German physicist (born 1948)

Dr. Theo Geisel (born 24 August 1948 in Limburg an der Lahn, Hesse) is a German physicist. Geisel is a director at the Max Planck Institute for Dynamics and Self-Organization and professor of theoretical physics at the University of Göttingen. His research is primarily concerned with the behavior of complex systems ranging from theoretical investigations in quantum chaos to nonlinear phenomena occurring in the brain.

==Biography==
Geisel studied physics in Frankfurt and Regensburg. After graduating from the University of Regensburg in 1975, he worked as Post-Doc at the Max Planck Institute for Solid State Research in Stuttgart (1976–77) and at the Xerox Palo Alto Research Center (1978–79). In 1980, he returned to Regensburg as assistant professor. During 1983-87 he worked as a Heisenberg fellow, later he became professor for theoretical physics at the University of Würzburg (1988–89) and the University of Frankfurt (1989–96). During this time, he was awarded the prestigious Gottfried Wilhelm Leibniz Prize. Since 1996, he has been professor for theoretical physics at the University of Göttingen and Director of the Max Planck Institute for Dynamics and Self-Organization. He is chairperson of the Bernstein Center for Computational Neuroscience (BCCN) Göttingen which he founded in 2005. Since 2013, Theo Geisel is member of the Göttingen Academy of Science, the oldest continually existing such institution in Germany.

===Personal life===
Geisel is also a classical and jazz musician and performs regularly on flute and saxophone. He has recorded a jazz album with the band August Stockinger's Flohzirkus.

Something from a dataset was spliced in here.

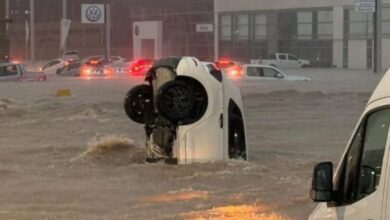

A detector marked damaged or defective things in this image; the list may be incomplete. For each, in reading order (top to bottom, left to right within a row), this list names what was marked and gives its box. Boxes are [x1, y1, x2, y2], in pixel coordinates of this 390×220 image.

==Main areas of research==
Theo Geisel is known for fundamental research on nonlinear and stochastic dynamics with applications in a broad range of complex living and non-living systems. He is leading in transferring methods between fields, including randomly appearing motion known in chaos theory to solid state physics, pattern formation theory established for fluids to the analysis of neural circuits, the discovery of new mathematical objects called unstable attractors in neuronal models and recently concepts from the physics of nano-structures to the predictability of tsunami waves.

- Nonlinear dynamics
- Computational neuroscience
- Forecast of epidemics
- Lévy walks (anomalous diffusion)
- Dynamics of neuronal networks
- Development of cortical maps
- Neural synchronization
- Quantum chaos
- Semiconductor nanostructures

==Awards and fellowships==
- Heisenberg Fellow of the Deutsche Forschungsgemeinschaft (German Research Foundation) 1983
- Gottfried Wilhelm Leibniz Prize 1994
- Fellow of the American Physical Society 2008
- Gentner-Kastler Prize 2009

==Editorial boards==
- Physical Review Letters (Divisional Associate Editor for Biological Physics)
- Chaos - Interdisciplinary Journal of Nonlinear Science (American Institute of Physics)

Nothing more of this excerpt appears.